3. When can the police stop and search you?
4. What is the highest court authority in Britain?
5. Can you be tried twice for the same crime?
Ignorance is no defence under the law, so it isn’t enough to say, ‘I didn’t know it was illegal!’ If you don’t know anything about the laws of the land, there will be times when you are effectively helpless. Not everyone has the time or capacity to learn all the ins and outs of the law and its procedures, of course. That is why solicitors and barristers exist – as experts in their field.
In recent years, attempts have been made to make the law more accessible, by replacing Latin terms such as ‘plaintiff’, ‘writ’ and ‘in camera’ with ‘claimant’, ‘claim’ and ‘in private’. As you might guess, we think that’s a shame. Yet regardless of the language used, there will always be a need for expert defence and prosecution.
It seems to us that we should all know a few basics. Our usual explanation in this book is that some knowledge is ‘a joy to own for its own sake’. Yet knowledge of the law might be worth rather more, in the right circumstances.
1
CAN THE QUEEN BE CHARGED WITH A CRIME?
It is a fairly well-known principle that the Queen cannot be prosecuted with a criminal offence. She also cannot be arrested, interviewed in a police station or even stopped by the police and spoken to. She is quite literally above the law, and for good reason. As well as being our monarch, Her Majesty Queen Elizabeth II is also our head of state (and head of state for many other countries). It is very common that heads of state enjoy immunity from prosecution, one of the primary reasons being to protect the country from scandal and embarrassment.
The only sitting monarch to be charged with a crime was Charles I, in 1649. He was famously charged with crimes against his own people and executed, following the end of the English Civil War. Parliament established the High Court of Justice to try Charles I for treason, the justification being that the king had made war and a secret pact with the Scots, which had led to great loss of life. The trial was prosecuted by the first solicitor general of England, John Cook, who came from a Leicestershire farming family.
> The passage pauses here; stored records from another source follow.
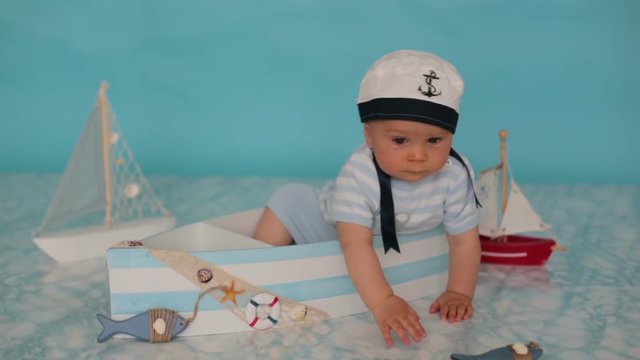 Cute toddler baby boy in wooden boat, playing with fishes, starfish and binoculars as sailman, studio indoors shot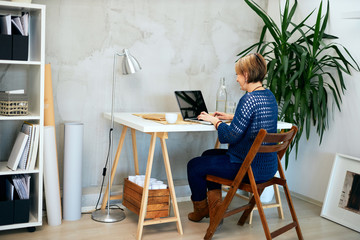 Attractive businesswoman sitting in modern office and typing.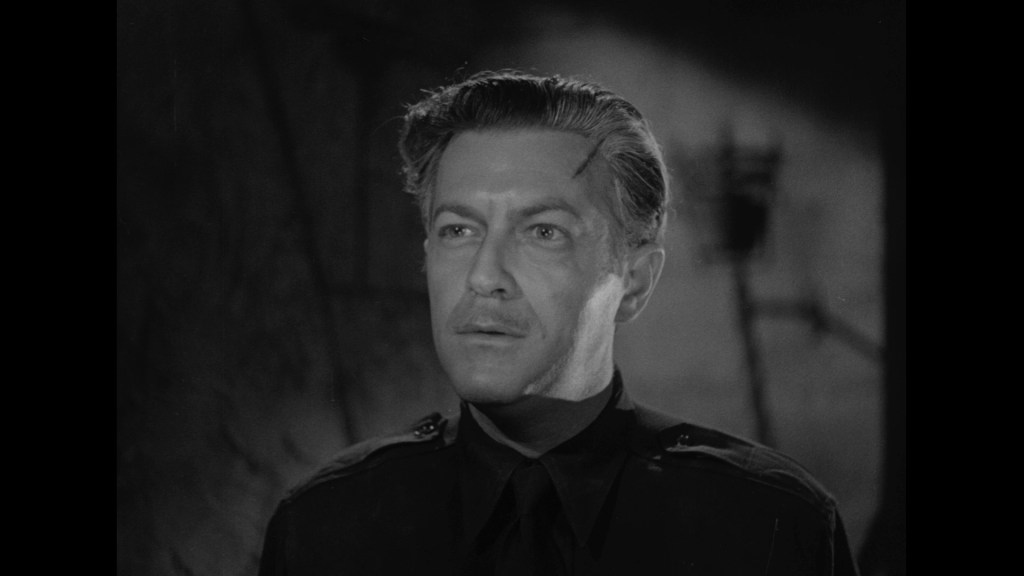 Close-up of a man with slicked-back hair and a serious expression, wearing a dark uniform, set against a shadowy backdrop.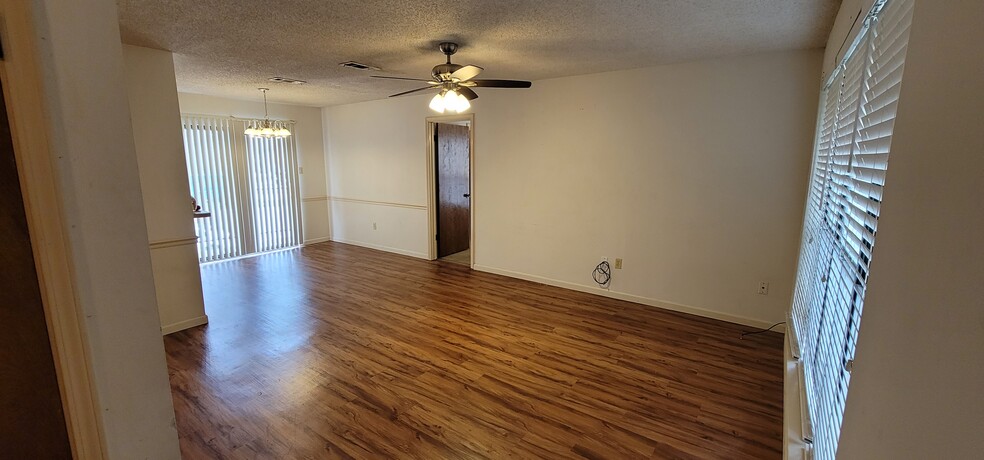 Walking in your front door to the living room area. - 1748 Port Dr
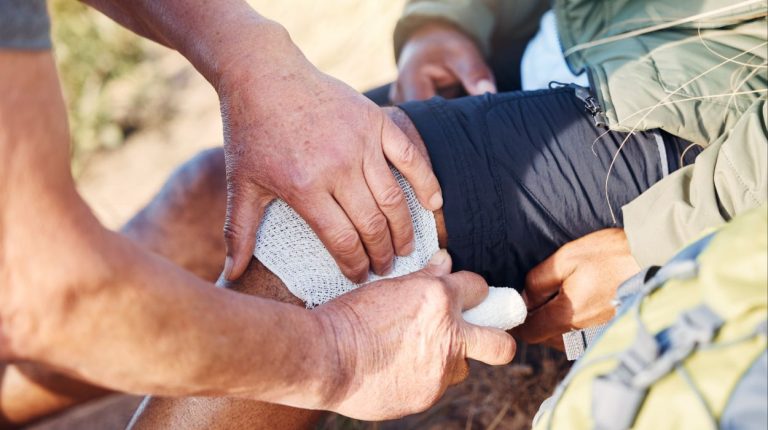 person treating a knee wound outdoors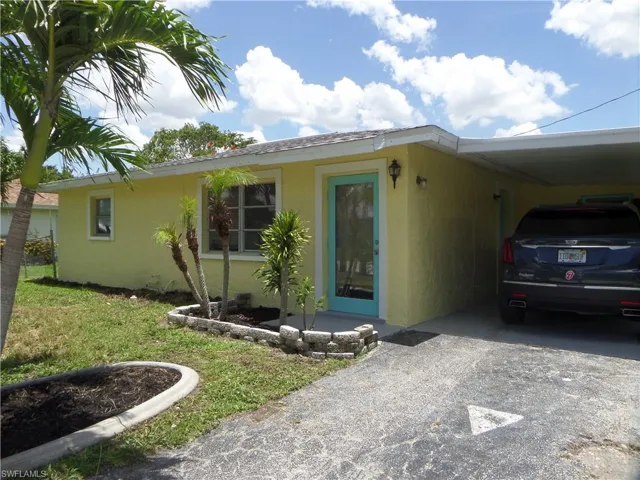 View of front of house featuring driveway, stucco siding, and a carport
Following the English Restoration of 1660, which saw Charles II (Charles I’s son) take the throne, a new law was passed that condemned the revolution and its protagonists. Brilliantly named the ‘Indemnity and Oblivion Act’, this piece of legislation delegitimised the entire period following Charles I’s execution up until the Restoration. John Cook, alongside all those who had officiated over the trial of King Charles, was named by the Act as traitor and convicted of regicide. The penalty for such a crime? Cook was hanged, drawn and quartered. He is, however, peerless in legal history as the first lawyer to prosecute a head of state, an event seen by many as the foundation stone of modern international criminal law.
The closest any modern monarch has come to a brush with the courts was King George V (our current Queen’s grandfather), who in 1910 was accused of bigamy by a republican newspaper. He sued the paper for libel and was apparently prepared to give evidence. However, the attorney general advised that it would be unconstitutional and that put an end to it. The journalist, Edward Mylius, was convicted regardless and sentenced to twelve months in prison.
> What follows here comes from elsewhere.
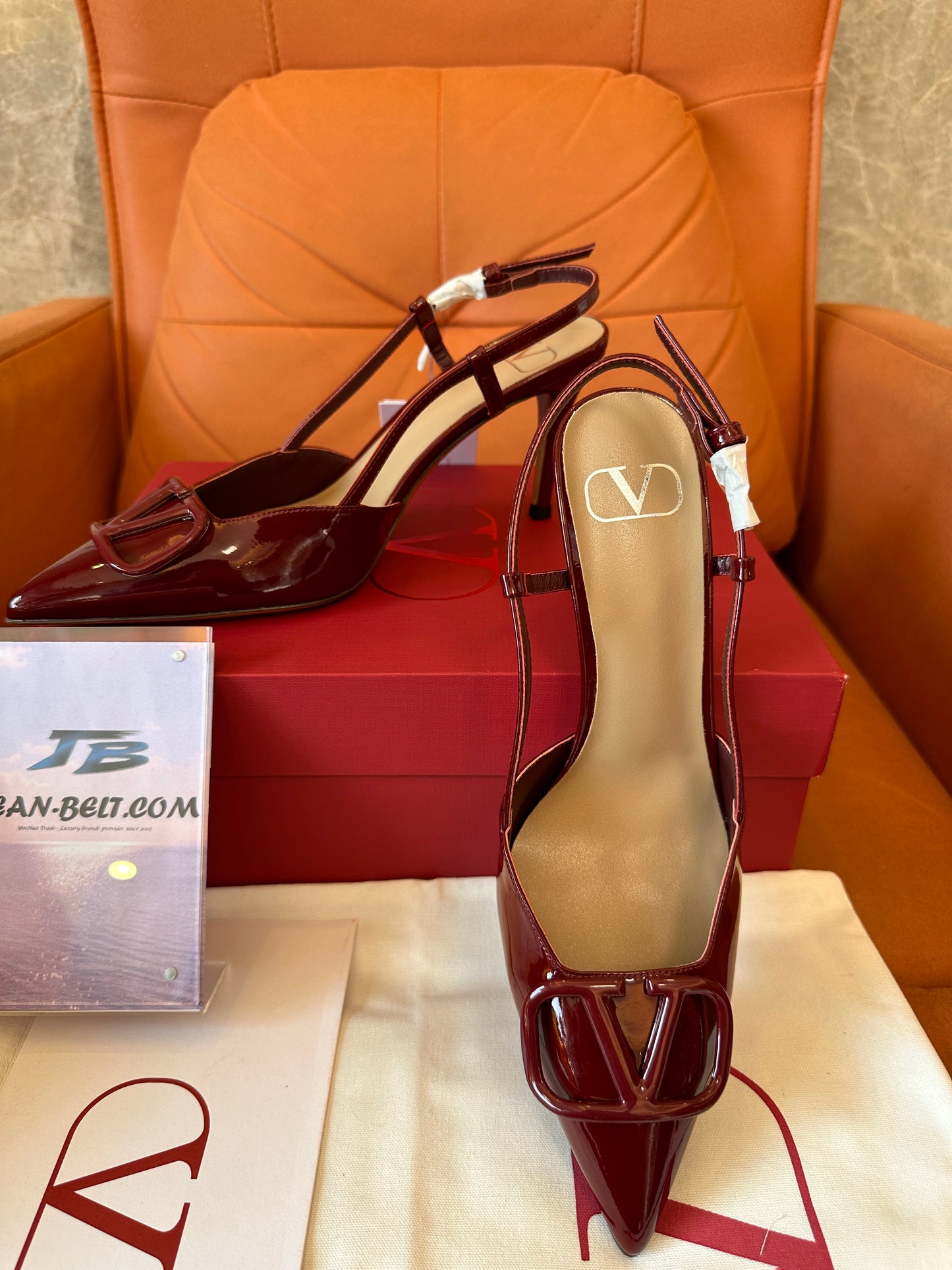 Valentino Garavani VLogo slingback pumps in burgundy patent leather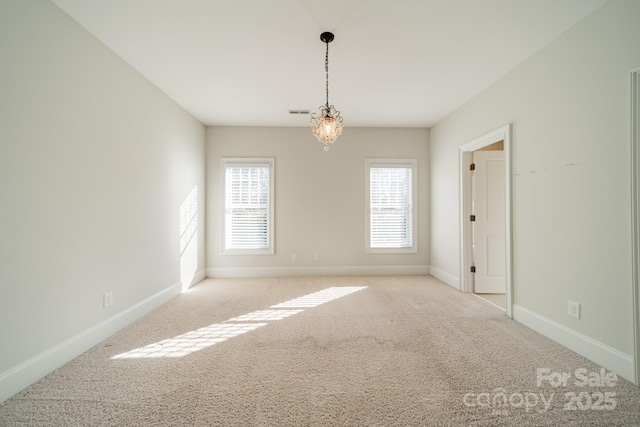 view of carpeted spare room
Unfortunately for them, the Queen’s wider family do not enjoy the same untouchable status as Elizabeth II. Her daughter, Anne, the Princess Royal, was once summonsed to appear at Slough Magistrates’ Court for speeding. In the absence of a revolution, however, it is almost unimaginable that we will ever see the Queen anywhere near a courtroom.
Parliament could, of course, change the law in this area if they wished, although they would need the Queen’s assent to pass the Act, so that’s not very likely either!
2
Treason is a crime committed against the Crown and is one of the most infamous and serious crimes a person can face. The original common-law offence was brought into law by the Treason Act 1351. One of the oldest laws still in force in the UK today, it defines treason as:
Compassing the Death of the King, Queen, or their eldest Son; violating the Queen, or the King’s eldest Daughter unmarried, or his eldest Son’s Wife; levying War; adhering to the King’s Enemies; killing the Chancellor, Treasurer, or Judges in Execution of their Duty.
Perhaps the most famous traitor in British history is Guy Fawkes, who was brutally tortured and then executed in 1606 for his part in the Gunpowder Plot. The event is still marked today on 5 November, Bonfire Night. The last person to be hanged in this country for the offence of high treason was a man called William Brooke Joyce (aka Lord Haw-Haw), in 1946, for ‘adhering to the King’s enemies’ by spreading Nazi propaganda during WWII. This was despite Joyce being an American citizen at the time and therefore technically not one of the King’s subjects.
The introduction of the Crime and Disorder Act 1998 reduced the maximum penalty for an offence of treason in the UK to one of life imprisonment. The offence of ‘high treason’ has not been used since the war and more recent high-profile prosecutions for behaviour that the public might consider ‘treasonous’ have tended to rely on other offences of a similar nature, such as breaching the Official Secrets Act.
One of the most famous cases of recent times was that of the former British spy George Blake, who worked as a double agent for the Soviet Union between 1953 and 1961, after being taken prisoner during the Korean War. He was caught and sentenced to forty-two years in prison, the longest sentence in British history at the time – said to represent a year for the life of each MI6 agent he had given up to the Russians. Blake managed to escape from Wormwood Scrubs prison and fled to Russia soon afterwards.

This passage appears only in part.